● **WHAT TO DO**: Every line from the one with "Wind Surfer Trophy 310mm" through the final line of the entries below should be returned exactly; leave out all other lines.

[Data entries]
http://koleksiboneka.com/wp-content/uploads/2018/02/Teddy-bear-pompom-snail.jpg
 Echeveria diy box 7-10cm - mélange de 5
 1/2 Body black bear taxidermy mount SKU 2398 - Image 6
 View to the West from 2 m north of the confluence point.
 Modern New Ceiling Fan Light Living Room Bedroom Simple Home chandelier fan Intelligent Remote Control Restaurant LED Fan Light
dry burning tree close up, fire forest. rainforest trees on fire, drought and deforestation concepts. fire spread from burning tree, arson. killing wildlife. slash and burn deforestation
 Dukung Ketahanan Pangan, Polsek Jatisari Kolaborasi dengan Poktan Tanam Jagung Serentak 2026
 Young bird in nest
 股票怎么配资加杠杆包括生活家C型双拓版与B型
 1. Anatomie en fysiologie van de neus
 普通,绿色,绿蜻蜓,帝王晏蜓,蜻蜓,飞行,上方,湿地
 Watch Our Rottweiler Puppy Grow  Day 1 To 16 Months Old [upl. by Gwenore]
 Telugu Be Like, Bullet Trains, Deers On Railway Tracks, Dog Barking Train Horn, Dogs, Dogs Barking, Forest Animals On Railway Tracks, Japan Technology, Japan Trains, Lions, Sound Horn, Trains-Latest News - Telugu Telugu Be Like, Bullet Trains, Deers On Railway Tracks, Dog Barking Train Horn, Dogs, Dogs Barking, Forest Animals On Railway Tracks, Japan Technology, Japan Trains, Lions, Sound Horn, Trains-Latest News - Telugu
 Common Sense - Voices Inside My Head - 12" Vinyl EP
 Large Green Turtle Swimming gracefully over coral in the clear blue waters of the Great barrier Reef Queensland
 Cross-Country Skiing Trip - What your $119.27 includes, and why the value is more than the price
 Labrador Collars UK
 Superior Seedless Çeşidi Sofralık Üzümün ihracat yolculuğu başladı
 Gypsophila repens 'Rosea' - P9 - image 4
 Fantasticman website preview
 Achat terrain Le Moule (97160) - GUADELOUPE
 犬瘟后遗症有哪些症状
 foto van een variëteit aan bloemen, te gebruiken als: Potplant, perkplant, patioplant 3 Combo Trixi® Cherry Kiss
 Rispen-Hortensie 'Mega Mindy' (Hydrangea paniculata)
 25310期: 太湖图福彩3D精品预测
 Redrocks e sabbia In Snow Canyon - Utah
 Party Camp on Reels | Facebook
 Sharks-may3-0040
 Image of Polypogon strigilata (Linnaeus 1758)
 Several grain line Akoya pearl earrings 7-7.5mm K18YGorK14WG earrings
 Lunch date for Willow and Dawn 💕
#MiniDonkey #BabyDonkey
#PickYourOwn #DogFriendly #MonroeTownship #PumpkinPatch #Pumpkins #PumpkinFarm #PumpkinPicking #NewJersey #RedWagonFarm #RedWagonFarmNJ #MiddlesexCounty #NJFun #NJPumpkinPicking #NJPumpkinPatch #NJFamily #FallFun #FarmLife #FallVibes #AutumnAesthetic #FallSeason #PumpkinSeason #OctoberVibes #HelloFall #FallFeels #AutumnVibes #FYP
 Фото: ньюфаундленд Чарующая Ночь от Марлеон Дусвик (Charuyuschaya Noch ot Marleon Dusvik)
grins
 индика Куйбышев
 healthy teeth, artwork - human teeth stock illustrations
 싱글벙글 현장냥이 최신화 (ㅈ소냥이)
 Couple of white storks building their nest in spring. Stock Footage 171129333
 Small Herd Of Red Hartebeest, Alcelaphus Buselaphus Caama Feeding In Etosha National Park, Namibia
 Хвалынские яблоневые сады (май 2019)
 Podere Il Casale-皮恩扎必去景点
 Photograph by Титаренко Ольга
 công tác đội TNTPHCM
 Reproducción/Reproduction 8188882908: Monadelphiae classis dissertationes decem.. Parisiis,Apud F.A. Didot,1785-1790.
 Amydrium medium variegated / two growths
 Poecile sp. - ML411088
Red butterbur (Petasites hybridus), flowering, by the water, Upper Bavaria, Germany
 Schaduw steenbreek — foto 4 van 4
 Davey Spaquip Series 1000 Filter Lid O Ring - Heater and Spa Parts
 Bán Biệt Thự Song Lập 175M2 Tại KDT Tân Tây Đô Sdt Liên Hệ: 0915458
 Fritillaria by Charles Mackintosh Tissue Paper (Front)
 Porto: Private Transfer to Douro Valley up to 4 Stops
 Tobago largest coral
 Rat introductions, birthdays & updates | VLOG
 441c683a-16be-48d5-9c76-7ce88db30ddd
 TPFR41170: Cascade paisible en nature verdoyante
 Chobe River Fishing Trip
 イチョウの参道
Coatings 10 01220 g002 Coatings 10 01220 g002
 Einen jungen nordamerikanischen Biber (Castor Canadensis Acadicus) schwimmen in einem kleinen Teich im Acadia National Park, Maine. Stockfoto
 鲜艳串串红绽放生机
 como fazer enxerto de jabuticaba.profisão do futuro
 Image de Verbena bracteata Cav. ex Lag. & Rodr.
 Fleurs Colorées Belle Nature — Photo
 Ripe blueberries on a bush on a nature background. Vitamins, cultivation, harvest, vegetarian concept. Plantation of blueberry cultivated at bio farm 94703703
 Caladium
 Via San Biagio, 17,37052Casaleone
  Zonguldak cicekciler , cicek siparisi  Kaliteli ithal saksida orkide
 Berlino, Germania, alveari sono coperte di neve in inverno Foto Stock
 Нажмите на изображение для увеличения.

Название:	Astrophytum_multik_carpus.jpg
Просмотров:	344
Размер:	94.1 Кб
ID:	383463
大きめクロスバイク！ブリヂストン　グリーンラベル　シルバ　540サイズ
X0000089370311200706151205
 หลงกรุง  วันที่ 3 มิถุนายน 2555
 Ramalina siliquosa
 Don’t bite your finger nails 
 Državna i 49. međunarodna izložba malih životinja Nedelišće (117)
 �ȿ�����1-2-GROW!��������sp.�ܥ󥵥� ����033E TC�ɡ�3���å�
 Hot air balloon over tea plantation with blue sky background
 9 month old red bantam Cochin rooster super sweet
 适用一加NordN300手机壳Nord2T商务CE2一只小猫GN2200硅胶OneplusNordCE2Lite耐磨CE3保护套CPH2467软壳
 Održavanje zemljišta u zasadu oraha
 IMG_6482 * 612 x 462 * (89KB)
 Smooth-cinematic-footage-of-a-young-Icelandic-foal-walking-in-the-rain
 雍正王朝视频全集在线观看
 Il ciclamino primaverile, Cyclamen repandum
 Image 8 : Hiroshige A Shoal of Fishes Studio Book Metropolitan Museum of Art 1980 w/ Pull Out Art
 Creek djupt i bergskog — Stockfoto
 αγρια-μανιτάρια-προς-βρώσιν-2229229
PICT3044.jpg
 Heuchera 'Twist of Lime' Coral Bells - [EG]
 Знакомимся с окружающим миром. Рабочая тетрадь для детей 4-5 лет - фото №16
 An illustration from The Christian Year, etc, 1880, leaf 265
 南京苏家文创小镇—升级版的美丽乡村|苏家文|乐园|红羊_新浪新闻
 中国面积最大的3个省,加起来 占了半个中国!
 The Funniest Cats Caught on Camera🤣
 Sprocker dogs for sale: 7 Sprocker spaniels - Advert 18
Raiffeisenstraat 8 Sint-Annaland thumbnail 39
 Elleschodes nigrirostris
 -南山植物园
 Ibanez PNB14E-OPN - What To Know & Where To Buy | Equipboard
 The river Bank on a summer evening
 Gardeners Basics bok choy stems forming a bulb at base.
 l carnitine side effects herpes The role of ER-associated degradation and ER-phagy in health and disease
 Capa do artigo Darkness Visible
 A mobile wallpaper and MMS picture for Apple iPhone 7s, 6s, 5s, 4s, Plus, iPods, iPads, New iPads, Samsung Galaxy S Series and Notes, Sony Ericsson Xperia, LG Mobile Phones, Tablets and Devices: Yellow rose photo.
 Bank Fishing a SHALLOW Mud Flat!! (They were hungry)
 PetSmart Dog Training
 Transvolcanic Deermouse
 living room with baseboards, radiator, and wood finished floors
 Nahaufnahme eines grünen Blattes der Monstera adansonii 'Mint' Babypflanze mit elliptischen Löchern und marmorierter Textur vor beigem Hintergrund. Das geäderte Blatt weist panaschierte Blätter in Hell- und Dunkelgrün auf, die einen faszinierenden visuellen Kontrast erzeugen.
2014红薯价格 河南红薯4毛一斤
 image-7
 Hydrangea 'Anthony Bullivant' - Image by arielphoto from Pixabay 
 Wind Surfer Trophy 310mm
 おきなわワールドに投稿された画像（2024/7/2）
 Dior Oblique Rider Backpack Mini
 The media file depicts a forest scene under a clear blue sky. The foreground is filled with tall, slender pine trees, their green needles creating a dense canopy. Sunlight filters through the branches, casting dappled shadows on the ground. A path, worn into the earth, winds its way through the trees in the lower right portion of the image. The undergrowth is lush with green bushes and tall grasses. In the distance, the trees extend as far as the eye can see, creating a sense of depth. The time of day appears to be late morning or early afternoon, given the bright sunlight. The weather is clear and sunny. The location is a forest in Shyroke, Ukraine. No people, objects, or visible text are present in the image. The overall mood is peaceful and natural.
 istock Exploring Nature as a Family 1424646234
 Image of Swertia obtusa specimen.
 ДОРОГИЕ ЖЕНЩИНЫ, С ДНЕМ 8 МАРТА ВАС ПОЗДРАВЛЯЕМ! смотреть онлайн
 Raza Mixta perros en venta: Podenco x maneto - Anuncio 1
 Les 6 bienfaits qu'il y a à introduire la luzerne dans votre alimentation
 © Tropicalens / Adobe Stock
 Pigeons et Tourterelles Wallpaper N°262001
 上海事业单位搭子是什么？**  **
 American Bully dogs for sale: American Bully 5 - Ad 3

● **RESPONSE BOX**:
 Wind Surfer Trophy 310mm
 おきなわワールドに投稿された画像（2024/7/2）
 Dior Oblique Rider Backpack Mini
 The media file depicts a forest scene under a clear blue sky. The foreground is filled with tall, slender pine trees, their green needles creating a dense canopy. Sunlight filters through the branches, casting dappled shadows on the ground. A path, worn into the earth, winds its way through the trees in the lower right portion of the image. The undergrowth is lush with green bushes and tall grasses. In the distance, the trees extend as far as the eye can see, creating a sense of depth. The time of day appears to be late morning or early afternoon, given the bright sunlight. The weather is clear and sunny. The location is a forest in Shyroke, Ukraine. No people, objects, or visible text are present in the image. The overall mood is peaceful and natural.
 istock Exploring Nature as a Family 1424646234
 Image of Swertia obtusa specimen.
 ДОРОГИЕ ЖЕНЩИНЫ, С ДНЕМ 8 МАРТА ВАС ПОЗДРАВЛЯЕМ! смотреть онлайн
 Raza Mixta perros en venta: Podenco x maneto - Anuncio 1
 Les 6 bienfaits qu'il y a à introduire la luzerne dans votre alimentation
 © Tropicalens / Adobe Stock
 Pigeons et Tourterelles Wallpaper N°262001
 上海事业单位搭子是什么？**  **
 American Bully dogs for sale: American Bully 5 - Ad 3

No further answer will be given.